There have effectively been three iterations of the game, from the 1987 original and 1993's effective remake Pirates! Gold through to 2004's similarly titled franchise reboot. Our focus is mainly on the very first one, which saw you as the privateer hero scouring the Caribbean for fame, fortune and a quick frolic with any number of governor's daughters.
As a novice buccaneer with no experience at all, your first action was to choose one of the four European empires you wanted to nominally fight for, selecting from the Dutch, Spanish, English or French. Each choice allowed for a significantly different game world to explore, not in terms of geography but in how all the settlements would react to you, the ease in which you could trade with them and so on.

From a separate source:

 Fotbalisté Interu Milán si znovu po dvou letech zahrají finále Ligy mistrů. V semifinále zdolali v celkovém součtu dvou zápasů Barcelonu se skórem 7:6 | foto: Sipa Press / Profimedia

Picking the Spanish might have been the 'easiest' choice on paper, with their empire being by far the largest in the area at the time. There were many ports to dock in and a general safety in numbers feel. However, the potential for earning money was also reduced because there'd be less enemy ports to raid, less shipping to ambush and so on.
Pick one of the other three and you'd open up the whole of the Spanish empire for looting, with huge rewards available at considerable risk. You could also choose different time periods, which also affects the political map of the game world. In 1560, it's pretty much only Spain, but by 1680 there are many non-Spanish colonies to visit and trade in.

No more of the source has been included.